Bab 1

1.2K 210 24
                                    

Panorama alam berupa gurun-gurun kecokelatan, terselimuti hamparan pasir di sepanjang jalan, membentang tinggi tanpa perkiraan. Hawa panas tidak gersang, memayungi sebuah kota di pesisir utara dan selatan. Lembah sempit yang dihempit oleh kedua gunung tinggi nan luas, menempati kota besar. Disebagiannya tumbuh kota kecil berpenduduk.

Papan nama bertuliskan nama kota yang tertancap kuat di perbatasan, terukir gambaran benda berasap menandakan garis besar kota tersebut.

Tumbuhan tandus mengelilingi, cahaya alam menyorot tepat memperlihatkan betapa terang sinarnya. Rerumputan tipis memunculkan pesonanya, terombang-ambing oleh angin yang kebetulan singgah. Rentetan pohon akasia raksasa berdiri sempurna, serta pohon-pohon beranting tanpa penghijau ikut ambil bagian dalam nampak.

Melaju sebuah mobil di tengah-tengah jalan beraspal, melewati papan nama bagai gambaran kecil yang hanya terlihat sekelibat. Begitu halnya dengan gunung-gunung yang memunculkan tubuhnya, bermaksud untuk dilihat, mengeluarkan sejuta pesona bagi pasang mata yang tertuju.

Lelaki tua berkumis yang menautkan kedua tangan pada setir mobil tersenyum tipis. Berpindah pandang yang semula ke depan kaca mobil, melihat ke belakang pada penumpang yang dibawanya. "Selamat datang di [1]Patagonia."

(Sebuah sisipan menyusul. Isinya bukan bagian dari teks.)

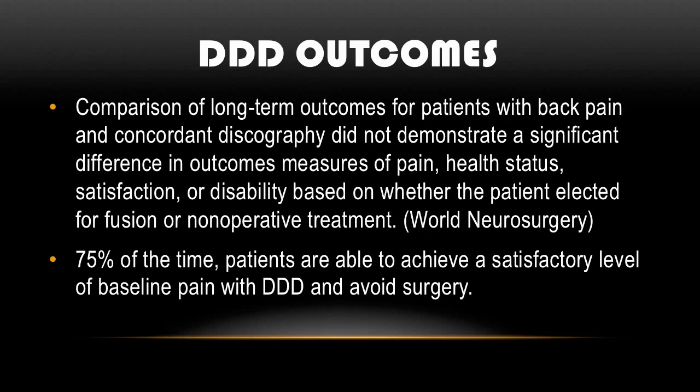Looking at the outcomes from degenerative disc disease, one study compared long-term outcomes for patients with back pain and concordant discography. It did not demonstrate a significant difference in pain, health status, satisfaction, or disability based on whether the patient elected for a fusion or non-operative treatment — basically the outcomes were the same. Over 75 percent of the time, patients are able to achieve a satisfactory level of baseline pain with degenerative disc disease and avoid surgery. Over three-fourths of patients do just fine with non-operative treatment.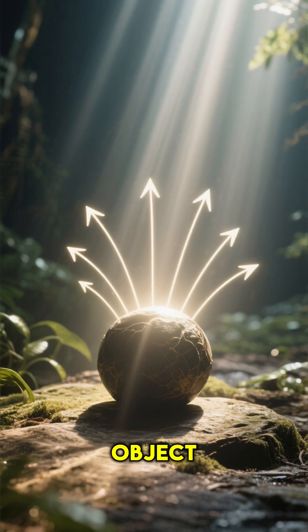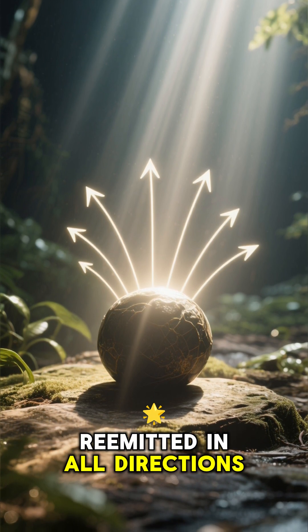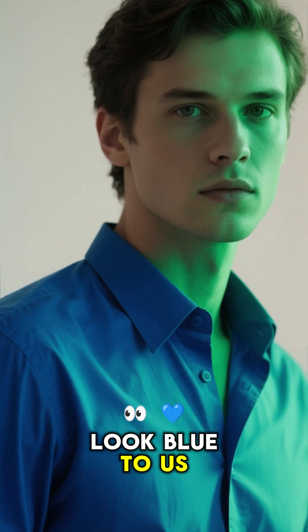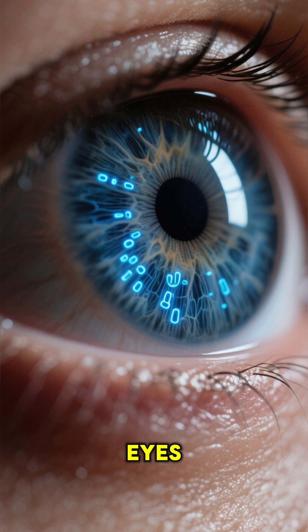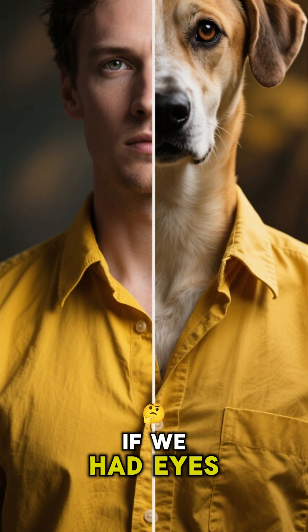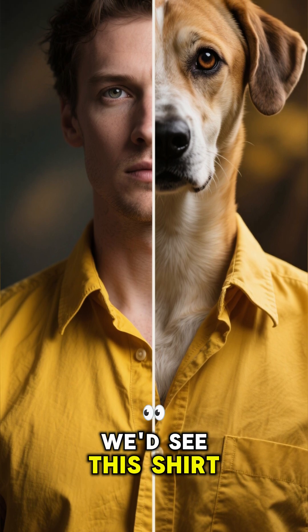When light hits an object, some is absorbed and then re-emitted in all directions. That's why we can see this blue shirt. But why does it look blue to us and not say green? That's because our eyes have special cells that are most sensitive to blue light. If we had eyes like dogs, which are more sensitive to yellow light, we'd see this shirt as yellow.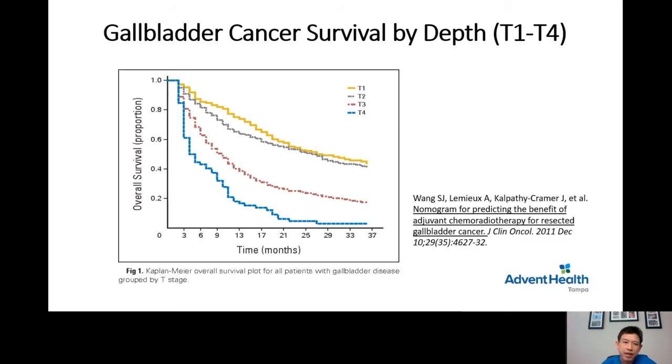This first graphic shows that gallbladder cancer survival differs by depth of tumor invasion. T1, the earliest type, has the best survival, followed by T2, then T3, then T4. T4 is the most advanced stage and overall survival is not as good as earlier stages.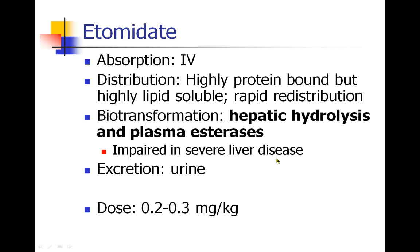The biotransformation of etomidate is notable. It undergoes hydrolysis in the liver but is also metabolized by plasma esterases. If a patient has severe liver disease, biotransformation will be inhibited — not just hepatic hydrolysis, but also the plasma esterases, because those esterases are synthesized in the liver. So patients with severe liver disease will still have poor biotransformation of etomidate.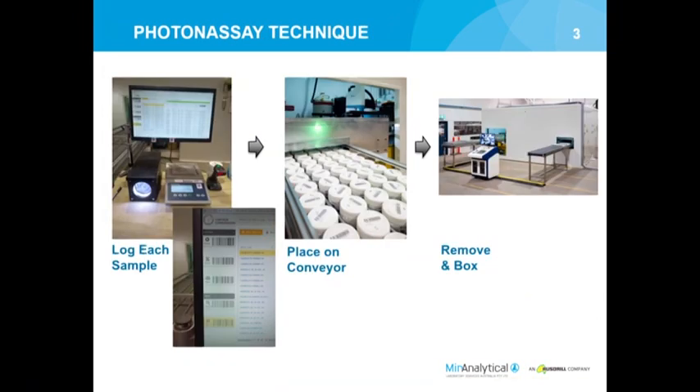The new photon assay technique is a far simplified process with a lot more automation involved. It starts off as a batching process where operators log the samples into a system using nothing but barcodes - no hand entry. They scan the jars, scan the sample IDs, place it on the balance, and the weights are automatically transferred. There's a little box with a CCD camera and some LEDs that measures how full the jar is.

Kemudian kembali memfokuskan perhatian pada jendela persegi. Dibawanya kendaraan roda empat itu yang semakin memasuki kota, perlahan nampak rumah-rumah penduduk berpenghuni. Beberapa pasang mata memusatkan perhatian, wajah-wajah asing bermunculan, bentuk rumah bergaya minimalis kuno terbangun kokoh di atas tanah kota ini. Sang pendatang baru memancarkan ketertarikan dimenit pertama saat memasuki kota.

Tidak hanya sampai situ, tampaknya roda mobil menolak berhenti sampai sang pengarah benar-benar membawa ke tempat tujuan. Sedikit menukik dan berbelok serta dorongan mesin untuk mencapai puncak. Selanjutnya biarlah garis akhir yang membuatnya kembali normal. Hingga, tancapan bising mesin tak lagi terdengar.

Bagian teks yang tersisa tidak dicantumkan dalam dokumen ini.